“It was all still so fresh, during that phase of realisation and coming to terms with it all – that it really is open, you really are free for the first time.”
Teresa Casanueva was born in Havana (Cuba) in 1963. She moved to East Germany in 1985 to study art and later moved to Berlin. After the fall of the Wall, she saw the international East Side Gallery project as a symbol of Berlin becoming open to the world. Her untitled painting is about overcoming boundaries, space, time, or any kind of restriction.
Teresa Casanueva in the interview
Casanueva did not give a title to her painting on the Wall. It shows a detail of several irregular columns resembling branches. Each one looks different and seems to grow upwards and downwards beyond the picture plane. With her Wall painting, the artist aimed to portray the overcoming not only of the Wall but also of space, time, and any kind of restriction.

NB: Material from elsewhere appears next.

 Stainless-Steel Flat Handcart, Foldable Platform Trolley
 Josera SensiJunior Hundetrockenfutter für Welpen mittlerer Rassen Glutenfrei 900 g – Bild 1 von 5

Casanueva enrolled to study in Havana in 1983 before gaining the opportunity to study art in Europe. In 1985 she was offered a place on an art course in Burg in Halle (DDR). She was on vacation in Cuba on 9 November 1989, when the Wall fell. Fearing she would not be able to leave Cuba anymore, she returned to Halle and decided to stay in Germany and complete her studies. Since 2010 she has lived in Berlin, where she works as a visual artist.